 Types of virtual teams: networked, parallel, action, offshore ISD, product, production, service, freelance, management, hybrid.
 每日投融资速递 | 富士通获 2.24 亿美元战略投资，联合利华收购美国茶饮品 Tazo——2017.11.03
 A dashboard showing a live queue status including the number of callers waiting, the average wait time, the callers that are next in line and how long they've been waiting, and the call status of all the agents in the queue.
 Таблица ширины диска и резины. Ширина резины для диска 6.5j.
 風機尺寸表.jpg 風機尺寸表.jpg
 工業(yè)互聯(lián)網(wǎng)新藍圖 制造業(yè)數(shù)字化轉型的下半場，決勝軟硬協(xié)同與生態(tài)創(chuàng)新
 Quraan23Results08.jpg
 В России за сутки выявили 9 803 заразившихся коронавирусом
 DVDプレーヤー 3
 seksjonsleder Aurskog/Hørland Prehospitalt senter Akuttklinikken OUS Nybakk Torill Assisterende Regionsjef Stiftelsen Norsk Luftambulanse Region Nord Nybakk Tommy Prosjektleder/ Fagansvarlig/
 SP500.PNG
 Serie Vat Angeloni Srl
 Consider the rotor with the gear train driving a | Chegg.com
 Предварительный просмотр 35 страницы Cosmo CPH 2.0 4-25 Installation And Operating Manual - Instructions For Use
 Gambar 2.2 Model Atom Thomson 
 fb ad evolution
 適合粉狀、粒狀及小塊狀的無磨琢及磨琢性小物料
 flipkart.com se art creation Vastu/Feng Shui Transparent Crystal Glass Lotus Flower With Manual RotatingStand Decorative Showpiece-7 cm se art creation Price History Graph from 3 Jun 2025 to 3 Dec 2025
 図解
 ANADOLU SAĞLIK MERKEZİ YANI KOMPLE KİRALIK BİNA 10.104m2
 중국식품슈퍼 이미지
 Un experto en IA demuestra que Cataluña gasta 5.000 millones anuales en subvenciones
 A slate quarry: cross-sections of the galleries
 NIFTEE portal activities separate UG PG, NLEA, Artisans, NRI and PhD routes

- - -

→ What is expected: Please copy, exactly as written, every line in the listing above from the line with "Предварительный просмотр 35" up to and including the line with "適合粉狀、粒狀及小塊狀的無磨琢及磨琢性小物料".

→ Response to this task:
 Предварительный просмотр 35 страницы Cosmo CPH 2.0 4-25 Installation And Operating Manual - Instructions For Use
 Gambar 2.2 Model Atom Thomson 
 fb ad evolution
 適合粉狀、粒狀及小塊狀的無磨琢及磨琢性小物料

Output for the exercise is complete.